Ik herinner mij een bezoek aan een museum in Nottingham waar ik bij de ingang kleine (A6) zelfgemaakt mini tijdschriftjes tegen kwam. Die mini magazines waren later de aanleiding en inspiratie voor MUGzine, het leukste en meest eigenwijze mini poëziemagazine van Nederland en Vlaanderen. Op één van die kleine Engelse periodiekjes was een beroemde foto in zwart/wit van Emily Dickinson afgedrukt. Op de voorkant van elk deeltje stond zij. De maker van dit tijdschriftje was kennelijk een groot bewonderaar van de Amerikaanse dichter Dickinson.

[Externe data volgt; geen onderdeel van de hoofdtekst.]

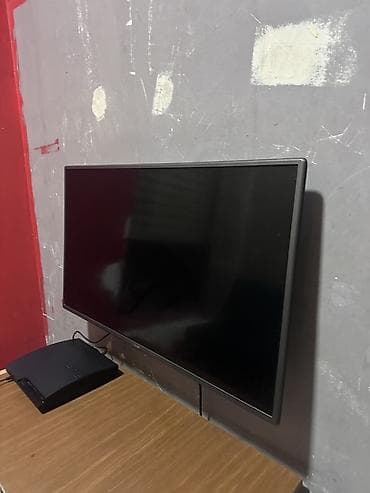 kontakt iphone 13: Televizor LG LED ekran 43" FHD (1920x1080) — 1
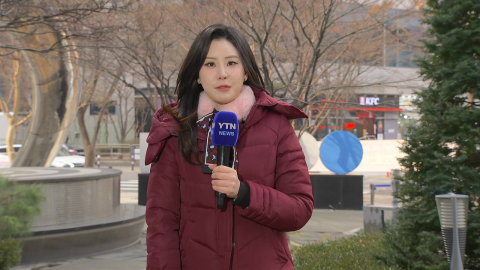 [날씨] 강원·경상권 비·눈…내일은 한파 속 서해안 폭설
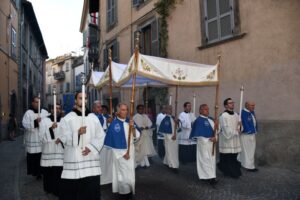 Corpus Domini Viterbo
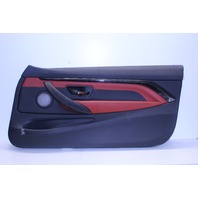2015 2016 2017 2018 2019 2020 BMW M4 Door Panel Right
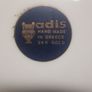 Cyprus Souvenir Plaque/Plate Image 7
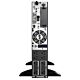APC Smart-UPS X 1000VA uninterruptible power supply (UPS) Line-Interactive 1 kVA 800 W 8 AC outlet(s)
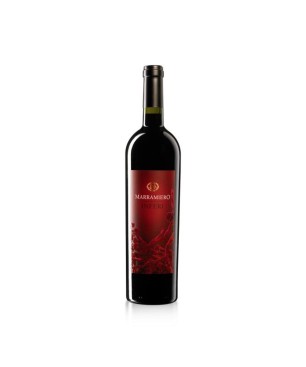 Montepulciano d'Abruzzo DOC Riserva Terre dei Vestini Inferi 2017 - Marramiero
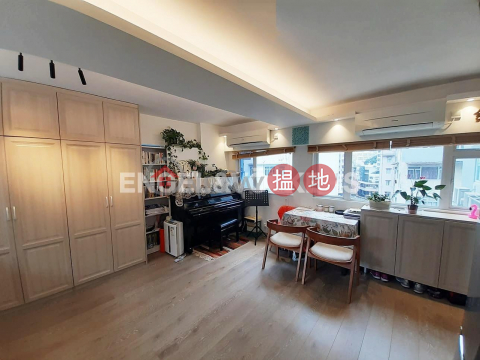 Studio Flat for Sale in Soho, Winly Building 永利大廈 | Central District (EVHK97585)_0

Emily Dickinson (1830 – 1866) is het onderwerp van een lezing van bewonderaar Ivo van Strijtem in de Poëzieweek. Op donderdag 27 januari zal hij in de bibliotheek van Zwijndrecht (Binnenplein1 aldaar) in Vlaanderen tussen 19.00 en 21.00 een lezing geven over “Deze schuchtere én koppige vrouw uit Massachusetts. Ze schreef zo onnoemelijk verrassend, hartstochtelijk én beheerst, intiem én wereldomvattend over leven, liefde en dood. Beschut door de eenzaamheid maakte ze de poëzie onaantastbaar.” Meer informatie over deze lezing en hoe je je kan aanmelden vind je hier.

Geen bericht over de Poëzieweek zonder gedicht dus daarom van Dickinson een gedicht dat het thema van deze Poëzieweek raakt, gepubliceerd in ‘Youth’s Companion’ in 1898.

.

Were nature mortal lady

.

Were nature mortal lady
Who had so little time
To pack her trunk and order
The great exchange of clime –

.

How rapid, how momentous –
What exigencies were –
But nature will be ready
And have an hour to spare.

.

To make some trifle fairer
That was too fair before –
Enchanting by remaining,
And by departure more.

.

Advertentie

Lied

Christina Georgina Rossetti

.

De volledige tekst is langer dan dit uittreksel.